Modern Records boss Joe Bihari got the most out of a new group that his L.A.-based company had signed. On Modern, they were billed as The Cadets. On its sister RPM logo, they were The Jacks. They scored hits under both sobriquets.
From the outset, the former L.A. gospel group specialized in covering breaking R&B hits: their '55 debut as The Cadets saw them waxing Nappy Brown's Don't Be Angry. They were loaded with fine lead tenors; in addition to Aaron Collins and future soul star Ted Taylor, Willie Davis fronted The Jacks' first outing, a cover of fellow L.A. outfit The Feathers' Why Don't You Write Me? that proved an R&B smash in the summer of '55 (you'll find The Jacks' version on our previous volume).
The Biharis issued a torrent of releases under both names, timely covers (The Marigolds' Rollin' Stone, The Willows' Church Bells May Ring, even a personalized treatment of Elvis' Heartbreak Hotel starring bass singer Will 'Dub' Jones) as well as originals. Baritone Lloyd McCraw was replaced near year's end by ex-Flairs tenor Thomas 'Pete' Fox; Taylor went solo in the spring of '56. Then they picked up on the zany Stranded In The Jungle, a recent release by another L.A. group, The Jayhawks, on the Flash label. The Jayhawks' James Johnson co-wrote it.
"It's something he sung around New York. It was a little talking thing that they did on the street corners," says former Jayhawk Carlton Fisher. "Then we had another lady named Ernestine Smith. She came up with the music on that 'Baby, Baby' thing. We all worked together and put it together, but in those days, a lot of times you tried to delegate one guy in the group instead of putting everybody's name on it."
The Cadets' Stranded In The Jungle was more polished than that of The Jayhawks. Jones intoned the jungle narrative while Collins and Davis harmonized on the swinging doings back home. Prentice Moreland, former Dominoes high tenor, immortalized himself with a "Great googa mooga, let me outta here!" on one break that wasn't part of The Jayhawks' rendition.
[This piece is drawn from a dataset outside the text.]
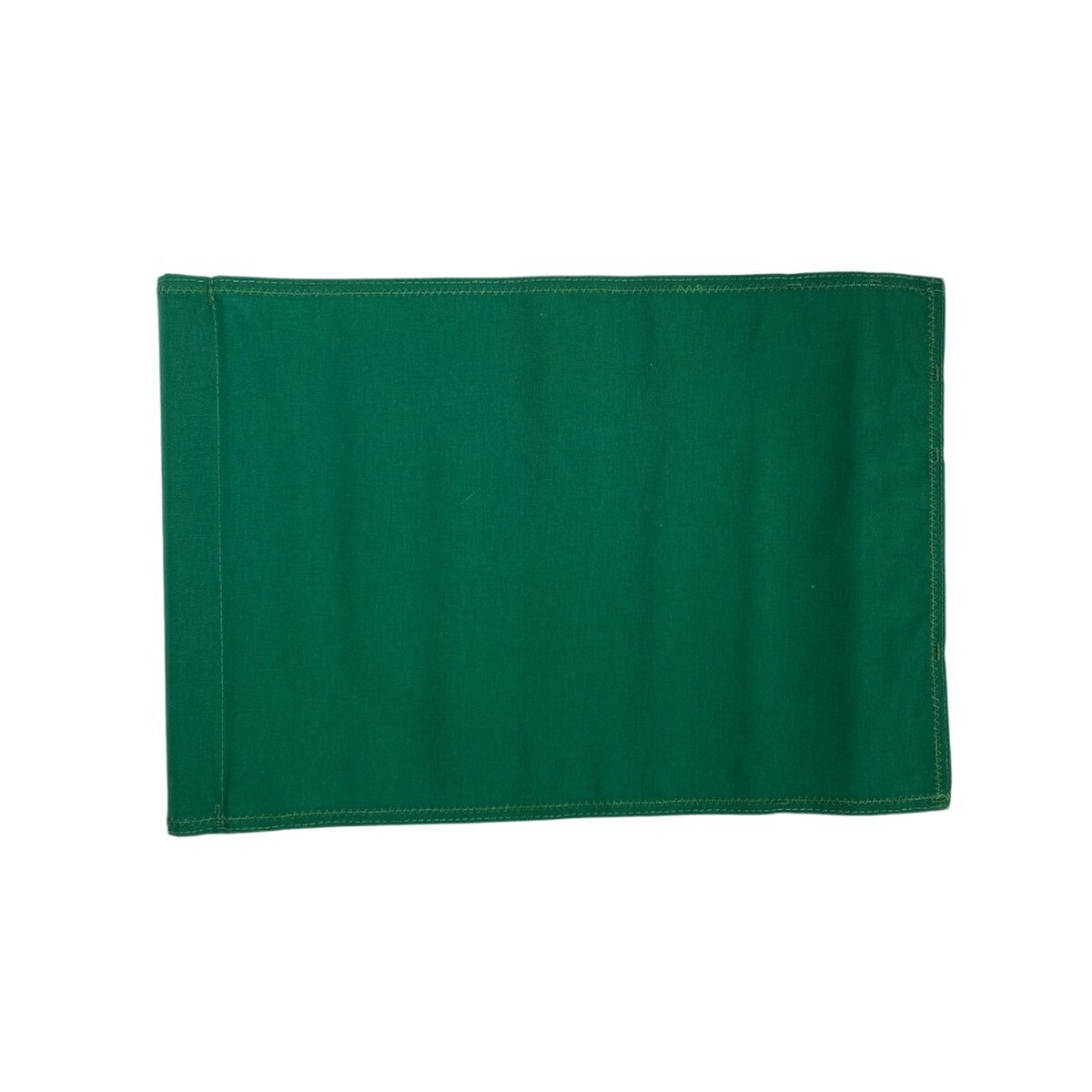 Green 14x20 Plain Flags Tubed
A head-to-head battle ensued. The Jayhawks' original came out in May and cracked 'Billboard's' R&B hit parade on July 14. The Cadets' cover was issued in late June and entered the charts a week after The Jayhawks. When the smoke cleared, The Cadets barely won, topping out at #4 on two of the magazine's three R&B charts and making an impressive #15 pop showing. The Jayhawks nipped at their heels with a #9 R&B/#18 pop peak.
"I wasn't mad, but naturally we were disappointed," admits Fisher.
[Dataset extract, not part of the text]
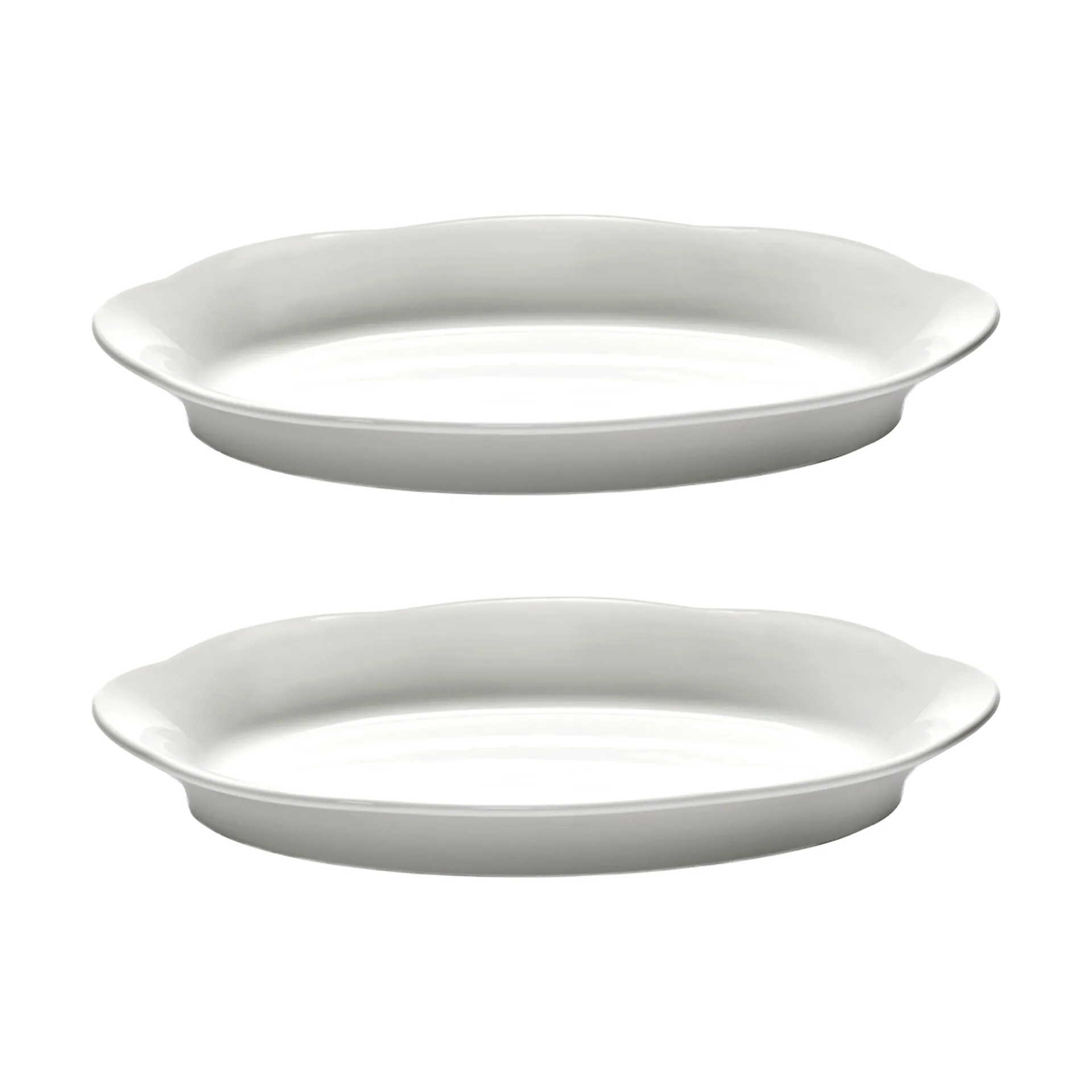 Silhouette oval dyp tallerken M 15x24,5 cm 2-pakn., White Serax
The Collins-led Let's Make Up was The Jacks' last RPM release in mid-'56, but The Cadets endured to the end of 1957 (they had the first issued version of Johnny Watson's Gangster Of Love as the Jones-led Love Bandit). Jones fared best after The Cadets/Jacks broke up, replacing Bobby Nunn as The Coasters' bass. Collins and Davis joined The Flairs, who changed the spelling of their name to The Flares. The Jayhawks morphed into The Vibrations, who scored a string of their own hits.